* What to produce *
Look at the entries below and restate word for word the lines from the first through the one that has "Zebra Hot Pink".

Items from a data source:
Content starts
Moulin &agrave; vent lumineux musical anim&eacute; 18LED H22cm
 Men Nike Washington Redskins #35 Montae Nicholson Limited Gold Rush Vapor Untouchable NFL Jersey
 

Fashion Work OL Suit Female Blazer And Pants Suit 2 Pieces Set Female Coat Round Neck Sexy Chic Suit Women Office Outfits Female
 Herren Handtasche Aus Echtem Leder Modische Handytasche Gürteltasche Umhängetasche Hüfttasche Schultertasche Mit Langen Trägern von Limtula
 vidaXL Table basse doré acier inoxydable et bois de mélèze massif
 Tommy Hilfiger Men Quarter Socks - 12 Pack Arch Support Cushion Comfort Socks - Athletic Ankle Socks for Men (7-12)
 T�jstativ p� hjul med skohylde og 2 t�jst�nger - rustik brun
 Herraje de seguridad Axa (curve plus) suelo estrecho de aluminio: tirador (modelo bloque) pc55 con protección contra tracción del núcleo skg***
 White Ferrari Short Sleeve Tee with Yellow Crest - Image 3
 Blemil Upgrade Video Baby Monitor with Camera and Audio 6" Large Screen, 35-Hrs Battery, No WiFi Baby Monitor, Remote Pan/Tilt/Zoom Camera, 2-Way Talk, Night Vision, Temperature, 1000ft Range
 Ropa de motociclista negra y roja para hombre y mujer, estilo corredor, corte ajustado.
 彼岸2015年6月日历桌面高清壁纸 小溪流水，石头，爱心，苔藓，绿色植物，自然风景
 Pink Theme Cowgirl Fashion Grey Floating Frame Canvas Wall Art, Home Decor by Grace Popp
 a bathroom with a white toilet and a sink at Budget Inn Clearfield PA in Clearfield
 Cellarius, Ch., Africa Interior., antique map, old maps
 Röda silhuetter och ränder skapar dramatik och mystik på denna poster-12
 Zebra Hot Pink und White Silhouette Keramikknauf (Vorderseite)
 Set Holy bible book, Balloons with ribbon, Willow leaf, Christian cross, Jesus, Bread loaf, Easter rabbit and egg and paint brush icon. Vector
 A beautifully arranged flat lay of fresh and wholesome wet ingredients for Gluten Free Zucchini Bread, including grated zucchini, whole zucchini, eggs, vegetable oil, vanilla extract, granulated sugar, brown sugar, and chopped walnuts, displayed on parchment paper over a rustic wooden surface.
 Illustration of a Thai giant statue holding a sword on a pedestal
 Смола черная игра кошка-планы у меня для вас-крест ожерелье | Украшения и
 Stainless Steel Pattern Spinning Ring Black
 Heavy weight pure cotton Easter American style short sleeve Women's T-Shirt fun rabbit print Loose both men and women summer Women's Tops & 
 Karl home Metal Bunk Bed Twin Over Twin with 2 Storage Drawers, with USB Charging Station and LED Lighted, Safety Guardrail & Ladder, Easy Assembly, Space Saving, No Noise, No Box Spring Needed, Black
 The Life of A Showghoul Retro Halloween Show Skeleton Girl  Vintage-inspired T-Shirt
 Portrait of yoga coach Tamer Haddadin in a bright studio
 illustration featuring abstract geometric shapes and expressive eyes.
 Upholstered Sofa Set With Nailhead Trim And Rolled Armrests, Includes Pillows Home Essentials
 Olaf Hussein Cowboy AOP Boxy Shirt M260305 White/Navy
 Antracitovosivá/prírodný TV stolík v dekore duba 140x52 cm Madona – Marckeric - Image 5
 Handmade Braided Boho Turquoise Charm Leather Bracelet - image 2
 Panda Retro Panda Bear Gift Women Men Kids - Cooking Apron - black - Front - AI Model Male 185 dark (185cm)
Content ends
* Task result *
Moulin &agrave; vent lumineux musical anim&eacute; 18LED H22cm
 Men Nike Washington Redskins #35 Montae Nicholson Limited Gold Rush Vapor Untouchable NFL Jersey
 

Fashion Work OL Suit Female Blazer And Pants Suit 2 Pieces Set Female Coat Round Neck Sexy Chic Suit Women Office Outfits Female
 Herren Handtasche Aus Echtem Leder Modische Handytasche Gürteltasche Umhängetasche Hüfttasche Schultertasche Mit Langen Trägern von Limtula
 vidaXL Table basse doré acier inoxydable et bois de mélèze massif
 Tommy Hilfiger Men Quarter Socks - 12 Pack Arch Support Cushion Comfort Socks - Athletic Ankle Socks for Men (7-12)
 T�jstativ p� hjul med skohylde og 2 t�jst�nger - rustik brun
 Herraje de seguridad Axa (curve plus) suelo estrecho de aluminio: tirador (modelo bloque) pc55 con protección contra tracción del núcleo skg***
 White Ferrari Short Sleeve Tee with Yellow Crest - Image 3
 Blemil Upgrade Video Baby Monitor with Camera and Audio 6" Large Screen, 35-Hrs Battery, No WiFi Baby Monitor, Remote Pan/Tilt/Zoom Camera, 2-Way Talk, Night Vision, Temperature, 1000ft Range
 Ropa de motociclista negra y roja para hombre y mujer, estilo corredor, corte ajustado.
 彼岸2015年6月日历桌面高清壁纸 小溪流水，石头，爱心，苔藓，绿色植物，自然风景
 Pink Theme Cowgirl Fashion Grey Floating Frame Canvas Wall Art, Home Decor by Grace Popp
 a bathroom with a white toilet and a sink at Budget Inn Clearfield PA in Clearfield
 Cellarius, Ch., Africa Interior., antique map, old maps
 Röda silhuetter och ränder skapar dramatik och mystik på denna poster-12
 Zebra Hot Pink und White Silhouette Keramikknauf (Vorderseite)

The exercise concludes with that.